I guess I’ll have to continue grumbling intermittently whenever I use Win 10. Fortunately, I have plenty of practice with that.

Weekly output: watching baseball online, broadband privacy, Apple secrecy, Comcast wireless, Tech Night Owl

This week saw me at two Opening Days: On Monday, I attended the Nats’ home opener, and today I kicked off the 2017 lawn-mowing season. In both cases, I’m worried we’re going to fade down the stretch.

4/3/2017: The cheapest way to watch baseball online, Yahoo Finance

For once, I had good things to say about the availability of sports programming online, thanks to many regional sports networks now showing up on services like Sling TV, PlayStation Vue and DirecTV Now. Alas, the Nats’ Mid-Atlantic Sports Network is not among them.

4/5/2017: Broadband privacy, Al Jazeera

I talked about the swift, Republican-led dispatch of privacy regulations for the Arabic news network.

4/6/2017: How Apple’s secrecy can hurt consumers, Yahoo Finance

Apple’s unprecedented revelation of even broad details about the next Mac Pro and iMac kicked off this post about the unhelpful hangup many tech companies–no, not just Apple–have about keeping customers in the loop.

4/7/2017: The hidden details in Comcast’s wireless plan, USA Today

The amount of interest in Comcast’s upcoming Xfinity Mobile wireless service–which will run off Verizon’s network as well as Comcast’s network of WiFi hot spots–is remarkable, given that you’ll need to subscribe to Comcast Internet to use it. Also remarkable: how many details Comcast left out of its opening sales pitch for Xfinity Mobile. 

If you look at the comments, you’ll see a complaint from a reader that an accompanying chart didn’t list the correct price for Google’s Project Fi wireless service. That chart now lists the right rate–yes, I do try to read comments, and in this case I sent a quick note to my editors advising them of the error.

4/8/2017: April 8, 2017 — John Martellaro and Rob Pegoraro, Tech Night Owl

I returned to this podcast for the first time since August (had it really been that long?) to talk about Apple’s tepid gesture at transparency, Xfinity Mobile, and the state of broadband privacy and competition.

Keeping Fios while porting out a landline phone number can be tricky

For years, my secret shame has been that we still have a landline phone at home. Why? The number dates to 1997, so all my relatives know it and some of them still call it. Besides, I find the robocalls it attracts in campaign seasons weirdly fascinating.

Those things, however, weren’t worth the $15 Verizon charged us for the most minimal level of phone service.
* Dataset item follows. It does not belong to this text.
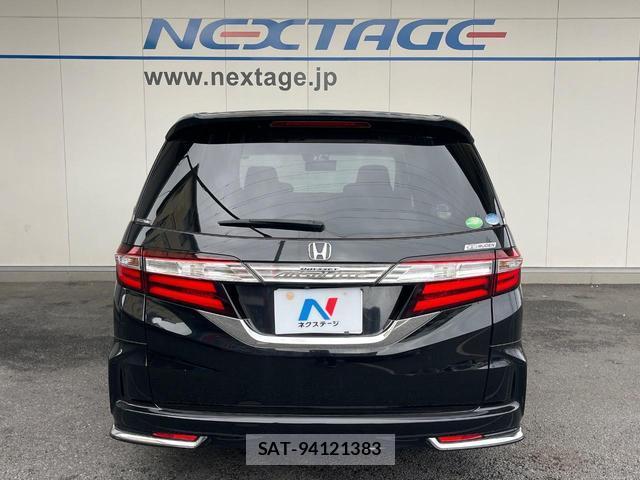 Honda ODYSSEY 2014-06 8221353-15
The obvious fix, one I endorsed in a 2015 USA Today column, was to port our number to an Internet-calling service. But months after third-party reviews and some testing of my own led me to pick Ooma‘s free service as that VoIP alternative, we were still wasting $15 a month–because I am sometimes slow and always easily distracted.
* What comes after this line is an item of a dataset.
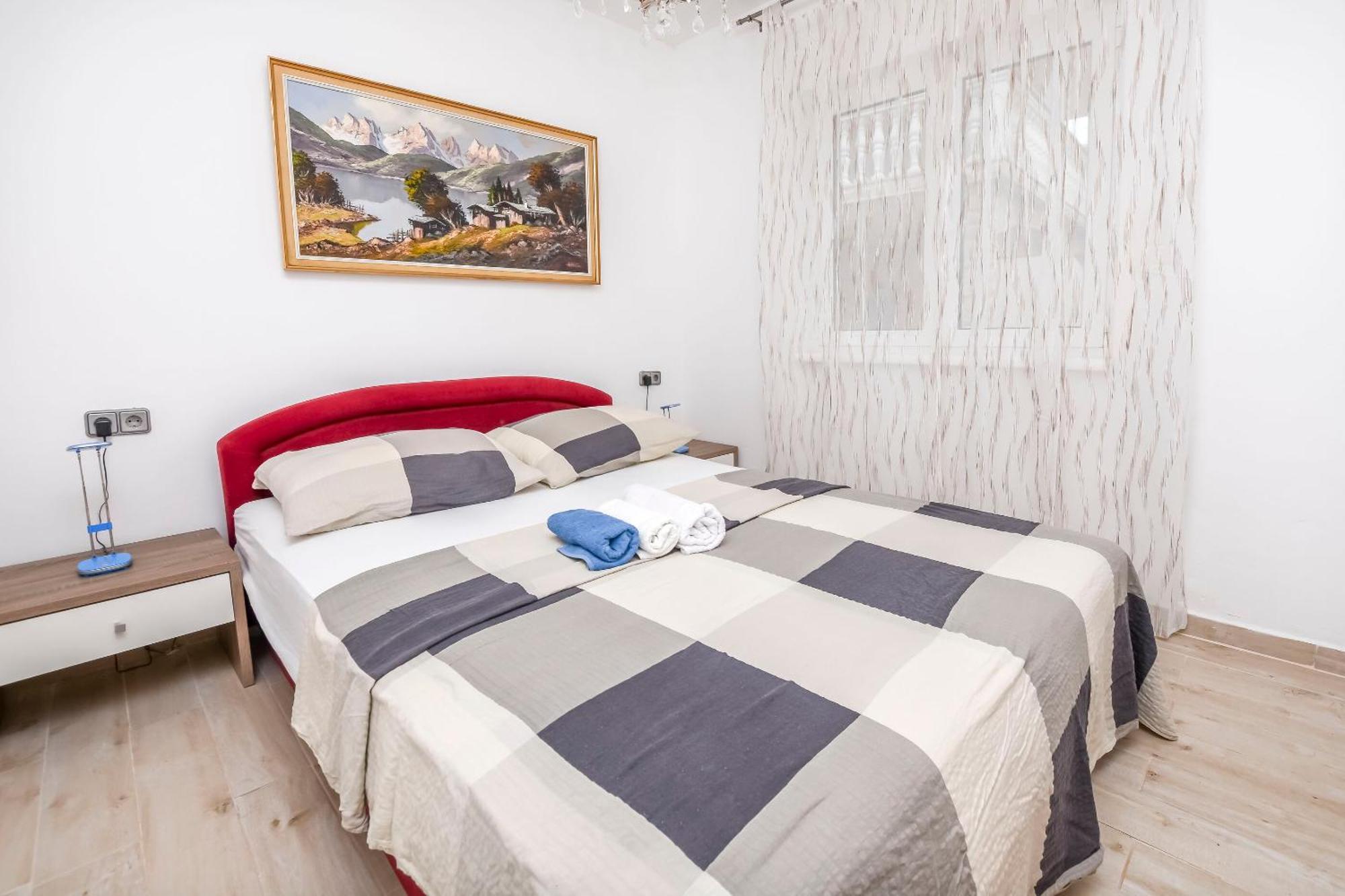 House Lucija Villa Рогозница Екстериор снимка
Finally, a Costco sale on a bundle of Ooma’s Telo VoIP adapter, a WiFi/Bluetooth module for it, and Ooma’s cordless handset got me to get moving on this transition.

After I put in the order on March 18 to port out our number (for which Ooma charges $40), it was active in Ooma’s system on the 22nd, allowing us to place and receive calls through the Telo. The next day I logged into our Verizon account to confirm the transfer.

That’s where things got interesting, as that site said our account had been disconnected.

Prior reports from Ooma users in various forums as well as Verizon PR’s own statements had led me to expect an industry-standard porting experience: You start the port with the new service, and there’s no need to talk to the old one until your number’s out of their grasp.

Perhaps I was wrong? I called Verizon to find out. That March 23 call was a model of how phone customer-support should work–I only had to provide my account number once, I wasn’t left on hold, and the rep said my Internet service should be fine.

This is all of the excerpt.